Hice la maleta, me despedí del trabajo y cogí un vuelo, retorno a la ciudad, esta vez con mi hermana.
La primera vez que vi a mi padre después de cinco años, se me cayó el mundo encima, ya no había rastro de aquel hombre fuerte, alto y pelirrojo que me montaba a caballito por la playa de la isla, ni aquel hombre que me sujetó la mano la primera vez que firmé mi contrato en un periódico de nombre conocido.
Ahora era un hombre delgado, consumido y casi calvo, postrado en una cama y sin fuerzas ni siquiera para hablar.
Mi madre, una mujer menuda, rubia y delgada, me recibió con un abrazo receloso, y entre susurros me felicitó por los tres libros que había publicado y por mi creciente mejora.
Los dos meses siguientes en la ciudad, los pasé en casa de mis padres, ayudaba en lo que podía, consultaba con todos los médicos que le visitaban y que no descubrían la enfermedad que estaba matando a mi padre y seguí escribiendo enclaustrada en mi habitación de la infancia, que compartía una vez más con mi hermana Macarena.
Mi padre se apagaba cada día más, hasta que un día durmiendo dejó de respirar.
Fue un golpe muy duro para todos, para mi hermana porque no había podido hacer nada como doctora para descubrir su mal, para mi hermano que no había podido dejar su trabajo en Nueva York para venirse a estar con él, para mi madre porque se le acababa de morir el amor de su vida, con el que llevaba más de 30 años. Para mí el golpe fue el doble de duro, me sentía culpable de su muerte, creía que todo el daño que le hice durante mi primera caída había sido lo que le había matado, y el haberme separado tanto tiempo de ellos el detonante.
Los meses tras el entierro fueron los más duros de mi vida, intentaba mantenerme fuerte y no recaer en la bebida ni huir despavorida otra vez a la isla, donde ahí sí todo tenía sentido.
Volví a trabajar unos meses en una revista de la ciudad de poco renombre como periodista cultural y vivía con mi hermana, la que me acogió con los brazos abiertos todo el tiempo que me estuve ahí.

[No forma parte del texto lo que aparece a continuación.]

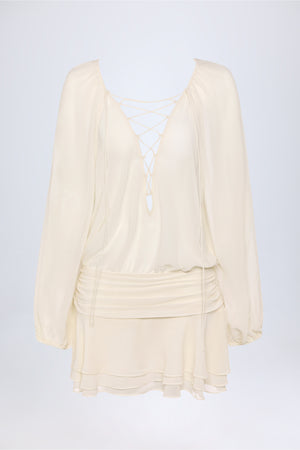 Lace-Up Balloon-Sleeve Mini Dress in Ivory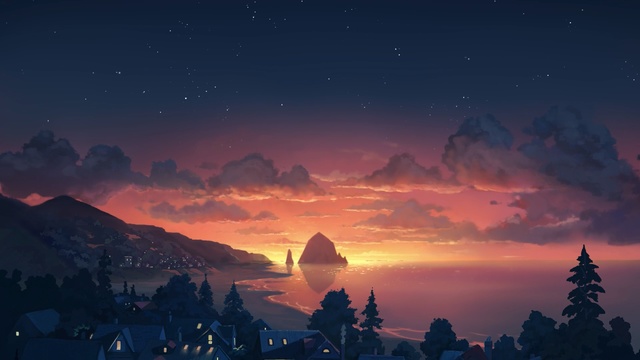 Video Reference: sky, nature, atmosphere, dawn, afterglow, night, geological phenomenon, sunrise, morning, mountain range, Person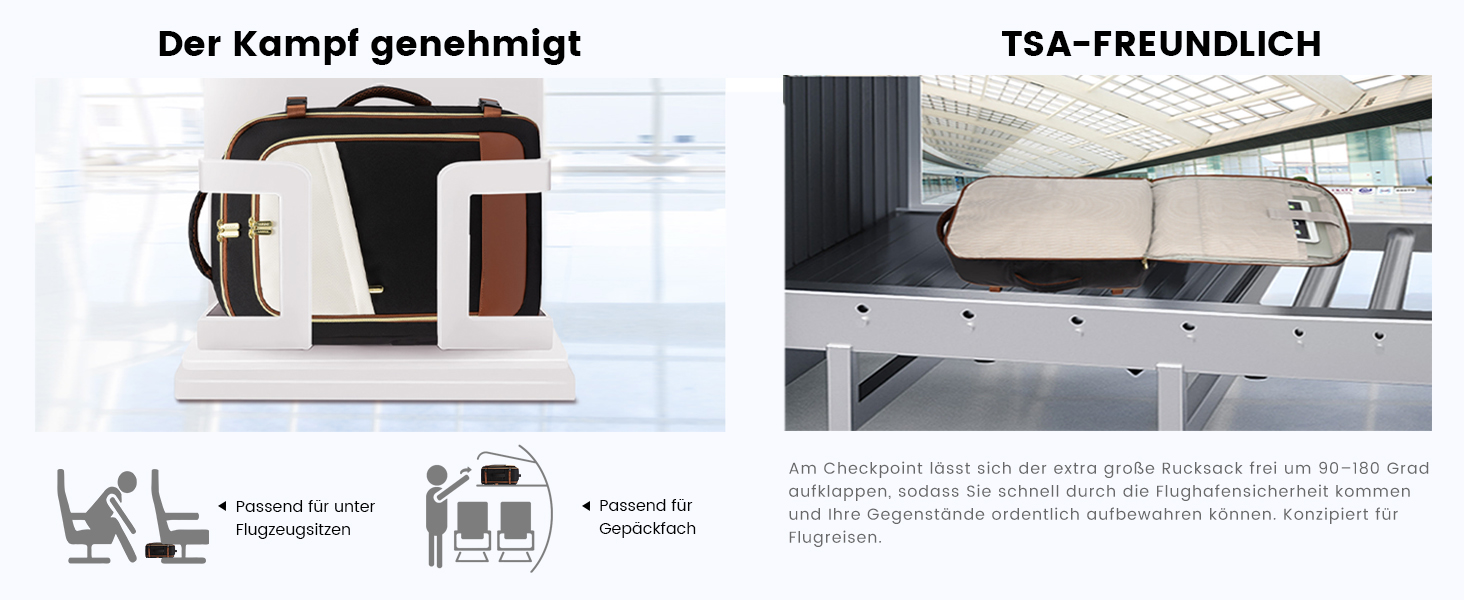 Рюкзак LOVEVOOK для ручної поклажі в літак, 40L, водонепроникний, для жінок, з відділенням для взуття та ноутбука 17.3 дюймів, бежевий + хакі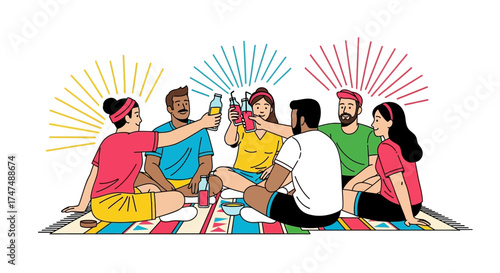 Joyful Gathering: Friends Celebrating Outdoors With Beverages And A Touch of Radiance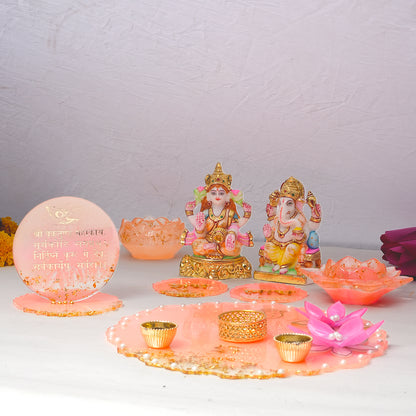 Premium Ganesh-Lakshmi Resin Pooja Set – Complete Divine Collection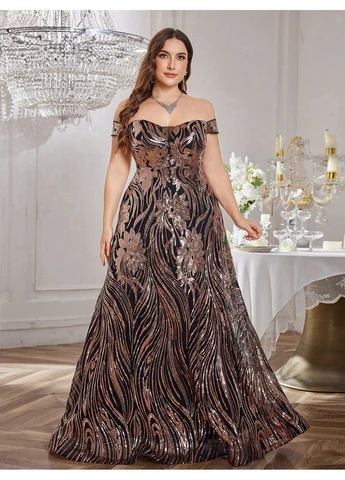 Золотой платье SHEIN с рисунком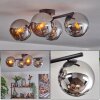 Koyoto ceiling light, globe light chrome, Smoke-coloured, 4-light sources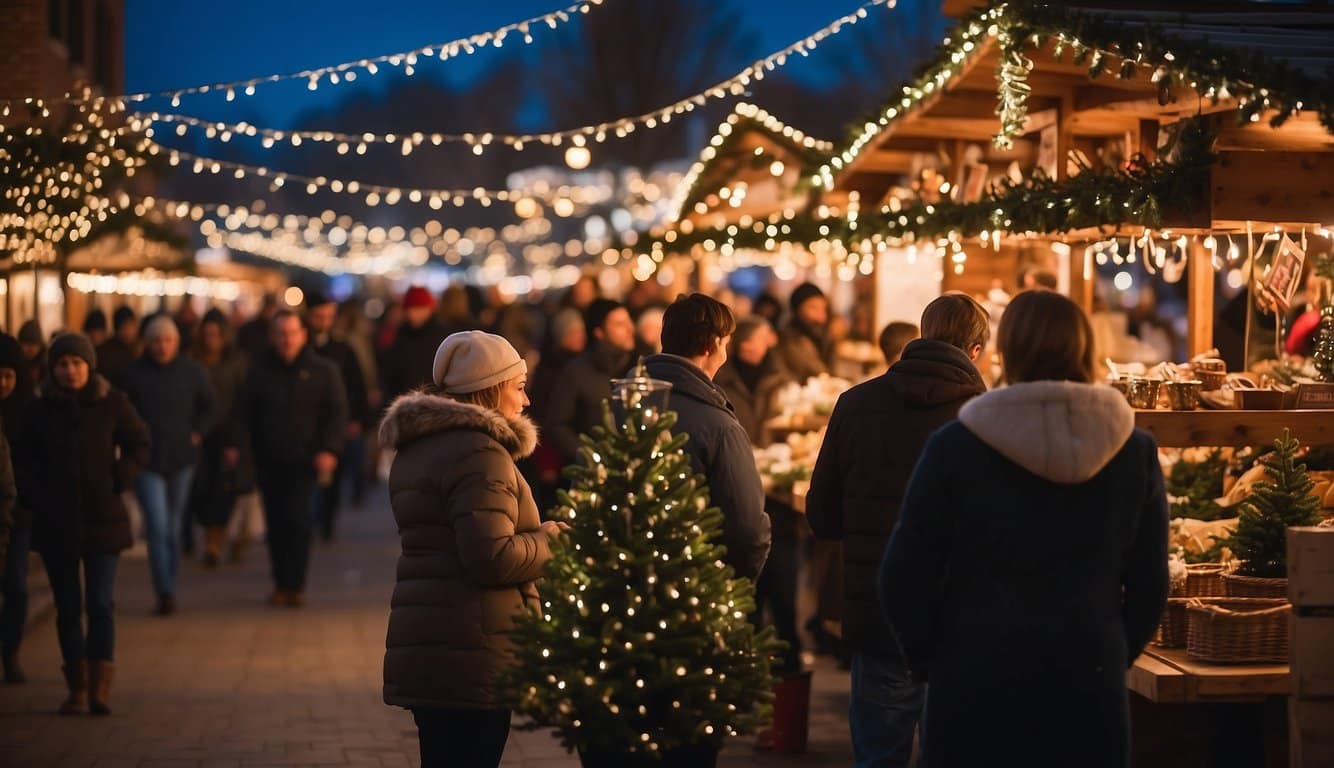 Crowds browse festive stalls at Missouri Christmas Markets, surrounded by twinkling lights, fragrant evergreens, and the sound of holiday music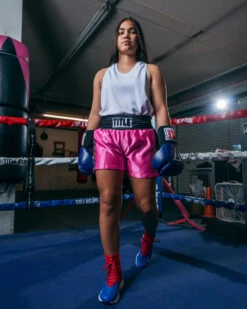 TITLE Boxing Professional Women’s Satin Striped Boxing Trunks -Knockout Gear TPBTW2PK 1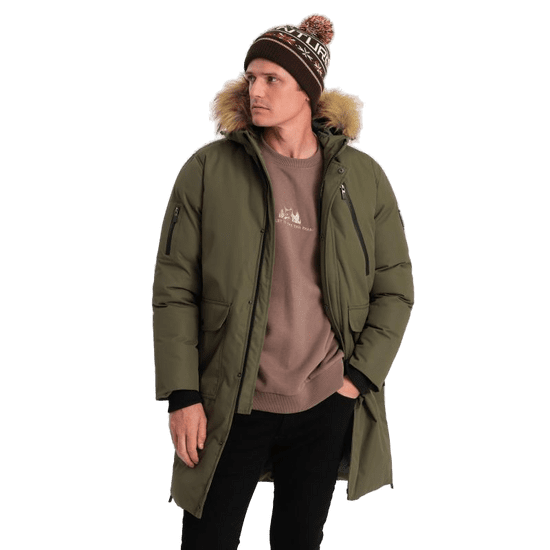 OMBRE Moška zimska jakna z odstranljivo kapuco ALASKAN olivno zelena MDN124185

Mamá cayó en una profunda tristeza que solo pudo superar cuando se enteró que mi hermano Lucas iba a ser papá y había decidido coger a su mujer, pedir el traslado a nuestra ciudad y estarse cerca de nosotras.
Martina llegó a nuestras vidas justo un año después de la muerte de mi padre, y fue una corriente de aire fresco para toda la familia. Era una niña risueña, de ojos verdes y pelirroja que se parecía mucho a nuestro padre.
Mi vida volvió a su cauce mientras trabajaba en la revista y publiqué mi cuarta novela, pero tras el nacimiento de mi sobrina, encontré que necesitaba más que aquella vida.
Volví a la isla, esta vez una semana, desde ahí contacté con una agencia de maternidad subrogada, que conocía tras un reportaje sobre el caso, y tenía emplazamiento en Chicago.
No podía ser madre de manera natural, tras un accidente que tuve un mes antes de mi primera caída, y fue uno de los motivos de mi depresión. Así que decidí volar a Chicago y poder hacer mi sueño realidad a través de la maternidad subrogada.
Mía nació un año después de mi primer viaje a Chicago y fue mi luz. Por ella decidí quedarme en la ciudad y retornar cada verano a aquella isla para que viviera su infancia allí, como lo hice yo.
Mi vida volvió a tener sentido tras el nacimiento de mi hija. Todos los viajes que había realizado para encontrarme habían logrado su objetivo. Esta vez sí que era yo, esta vez el retorno era por felicidad, por ella, por mi vida.